Location: Lilliput,Victoria
Making comments without knowledge of the full facts is not really welcome. Today I heard on the news that a train controller had rung the driver on his works mobile to discuss a route variation. Being distracted for the time it took to take the call may have been the catalyst for this terrible wreck. So the moral of the story is not to condemn the driver so quickly as he might just have a plausible excuse or at least share responsibility with another party.
nswtrains
Did he have to walk to the back of the train to take the call and this is why he was distracted for so long ?.
  TheBlacksmith Chief Commissioner

Location: Ankh Morpork
Making comments without knowledge of the full facts is not really welcome. Today I heard on the news that a train controller had rung the driver on his works mobile to discuss a route variation. Being distracted for the time it took to take the call may have been the catalyst for this terrible wreck.
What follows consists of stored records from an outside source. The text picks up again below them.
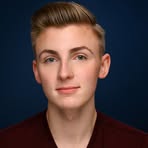 Jasper Parrish - Facebook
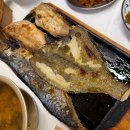 경주 생선구이 맛집 어촌밥상 후기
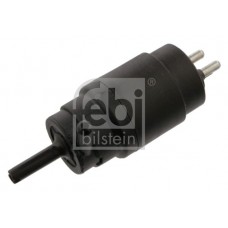 08679 FEBI BILSTEIN Водяний насос система очищення фар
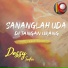 Dessy Santhia
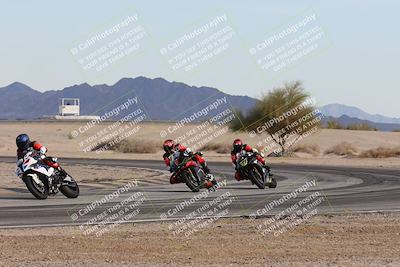 media/Nov-30-2025-TrackXperience (Sun) [[c0061d280f]]/3-Level 1/Trackxperience Group Shots/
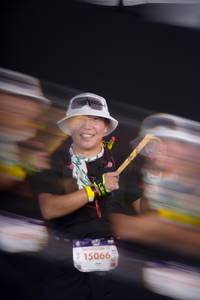 BIB: 
                            <button type="button" onclick="openModal(26763987)" class="btn btn-primary btn-sm float-right btn-popup" data-toggle="modal" data-target=".modal-high-quality">
                        <i class="fas fa-shopping-cart"></i> Add to Cart
                    </button>
                                            <button type="button" onclick="isThisMe(26763987, true)" class="btn btn-success btn-sm float-right btn-popup btn-isme hidden" data-toggle="tooltip" data-placement="bottom" title="นี่คือรูปของคุณใช่ไหม คลิกที่นี่เพื่อเอาเข้าอัลบั้ม">
                        <i class="fas fa-plus"></i> Add to album
                    </button>
                    <button type="button" onclick="isThisMe(26763987, false)" class="btn btn-warning btn-sm float-right btn-popup btn-isnotme hidden">
                        <i class="fas fa-ban"></i> Remove from album
                    </button>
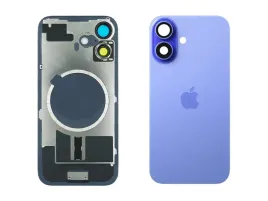 szybka-tyl-klapka-baterii-z-obiektywem-apple-iphone-16-niebieski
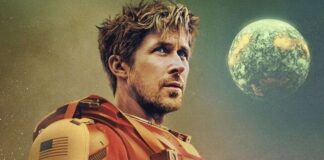 Project Hail Mary Box Office: Historic Global Opening Update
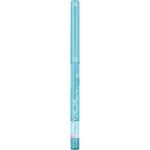 ESSENCE Meta Glow Crayon yeux waterproof 04 Chromalicious 1 pièce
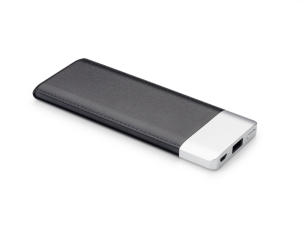 Power bank LATIV 6000 mAh
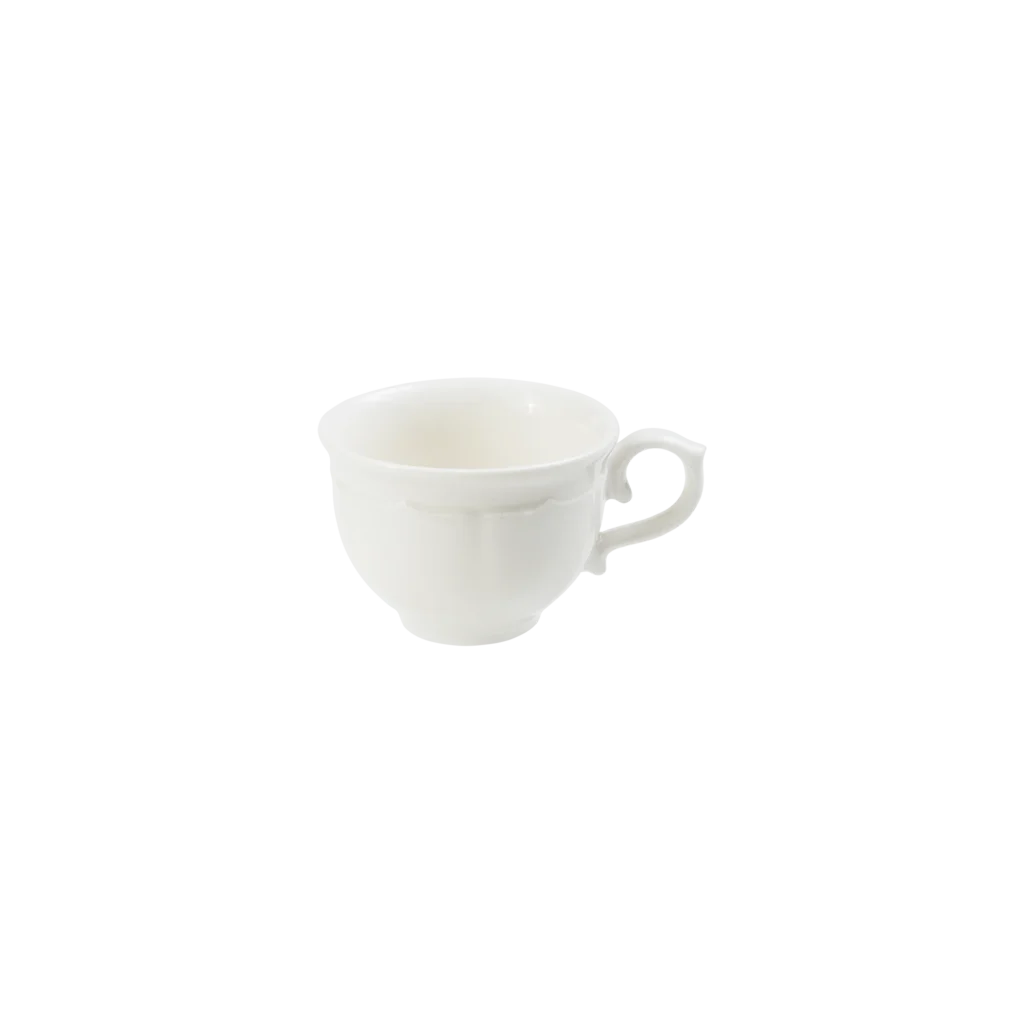 Kaffekopp 9cl Bonna Nicole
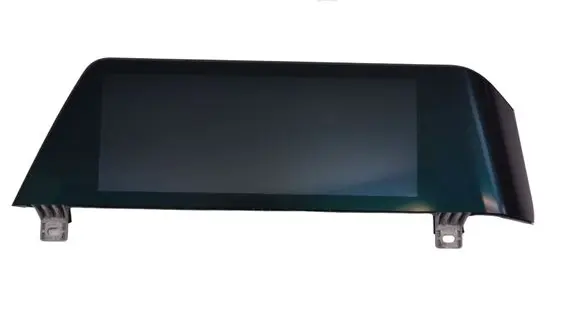 BMW 3 G20 G21 Screen/display/small screen 9441888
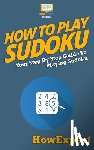 Howexpert Press - How To Play Sudoku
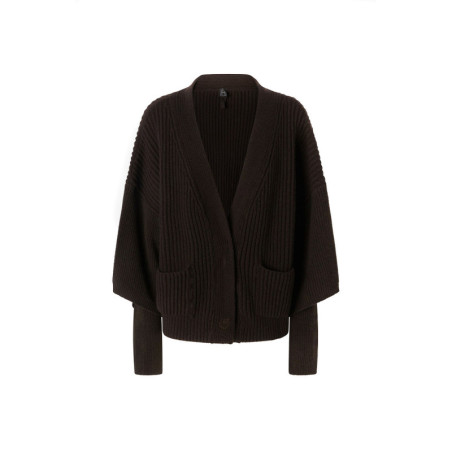 Pinko - Pinko Maglia Donna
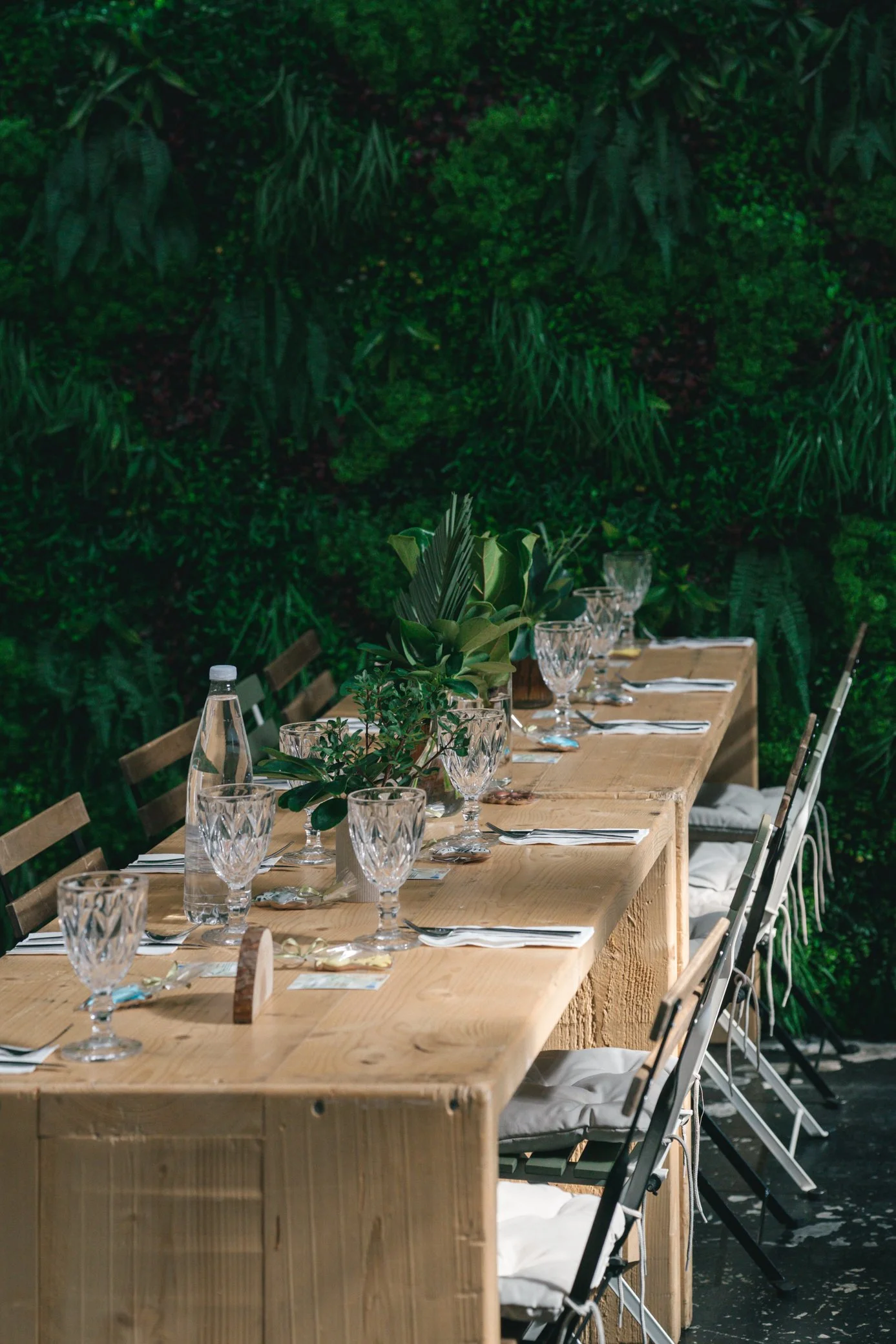 A9109406 - Full size.jpg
So the moral of the story is not to condemn the driver so quickly as he might just have a plausible excuse or at least share responsibility with another party.
nswtrains

I don't buy that. A train driver on a telephone is a worse scenario than a car driver on a phone. Perhaps you can explain why we are fined if we use a mobile while in a car and yet it is OK for a train driver with the responsibility for hundreds of passengers to use a mobile.
  donttellmywife Chief Commissioner

Location: Antofagasta
I don't buy that. A train driver on a telephone is a worse scenario than a car driver on a phone. Perhaps you can explain why we are fined if we use a mobile while in a car and yet it is OK for a train driver with the responsibility for hundreds of passengers to use a mobile.
TheBlacksmith
What aspect specifically "don't you buy"?  That he was on the phone for work purposes?  That being on the phone can be distracting?
  TheBlacksmith Chief Commissioner

Location: Ankh Morpork
What I don't buy is:

'So the moral of the story is not to condemn the driver so quickly as he might just have a plausible excuse or at least share responsibility with another party.'


if it relates to him being on the phone. It does not matter whether you are a car or train driver, the use of a phone while driving is considered dangerous. And it does not matter if the rail company was on the phone to him either, the result is the same.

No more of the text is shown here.